_TASK_: Would you reproduce all of the entries exactly?
=== Section Start ===
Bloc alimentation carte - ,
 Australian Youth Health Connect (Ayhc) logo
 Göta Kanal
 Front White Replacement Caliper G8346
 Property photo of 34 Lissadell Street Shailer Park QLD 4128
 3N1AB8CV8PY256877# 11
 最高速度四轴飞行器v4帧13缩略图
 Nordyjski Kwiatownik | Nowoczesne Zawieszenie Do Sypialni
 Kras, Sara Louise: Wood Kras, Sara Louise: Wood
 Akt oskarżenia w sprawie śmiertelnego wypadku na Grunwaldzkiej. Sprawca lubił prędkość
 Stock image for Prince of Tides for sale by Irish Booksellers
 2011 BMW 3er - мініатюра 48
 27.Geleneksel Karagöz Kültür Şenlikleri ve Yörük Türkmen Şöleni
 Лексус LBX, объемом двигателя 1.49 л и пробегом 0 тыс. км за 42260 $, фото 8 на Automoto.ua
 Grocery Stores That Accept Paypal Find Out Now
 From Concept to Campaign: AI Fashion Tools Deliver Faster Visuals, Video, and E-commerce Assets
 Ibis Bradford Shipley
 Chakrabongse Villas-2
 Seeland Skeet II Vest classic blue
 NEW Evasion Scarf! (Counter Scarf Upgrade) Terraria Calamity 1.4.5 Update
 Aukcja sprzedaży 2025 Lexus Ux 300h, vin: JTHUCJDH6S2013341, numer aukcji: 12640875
=== Section End ===
_RESULT OF THIS TASK_:
Bloc alimentation carte - ,
 Australian Youth Health Connect (Ayhc) logo
 Göta Kanal
 Front White Replacement Caliper G8346
 Property photo of 34 Lissadell Street Shailer Park QLD 4128
 3N1AB8CV8PY256877# 11
 最高速度四轴飞行器v4帧13缩略图
 Nordyjski Kwiatownik | Nowoczesne Zawieszenie Do Sypialni
 Kras, Sara Louise: Wood Kras, Sara Louise: Wood
 Akt oskarżenia w sprawie śmiertelnego wypadku na Grunwaldzkiej. Sprawca lubił prędkość
 Stock image for Prince of Tides for sale by Irish Booksellers
 2011 BMW 3er - мініатюра 48
 27.Geleneksel Karagöz Kültür Şenlikleri ve Yörük Türkmen Şöleni
 Лексус LBX, объемом двигателя 1.49 л и пробегом 0 тыс. км за 42260 $, фото 8 на Automoto.ua
 Grocery Stores That Accept Paypal Find Out Now
 From Concept to Campaign: AI Fashion Tools Deliver Faster Visuals, Video, and E-commerce Assets
 Ibis Bradford Shipley
 Chakrabongse Villas-2
 Seeland Skeet II Vest classic blue
 NEW Evasion Scarf! (Counter Scarf Upgrade) Terraria Calamity 1.4.5 Update
 Aukcja sprzedaży 2025 Lexus Ux 300h, vin: JTHUCJDH6S2013341, numer aukcji: 12640875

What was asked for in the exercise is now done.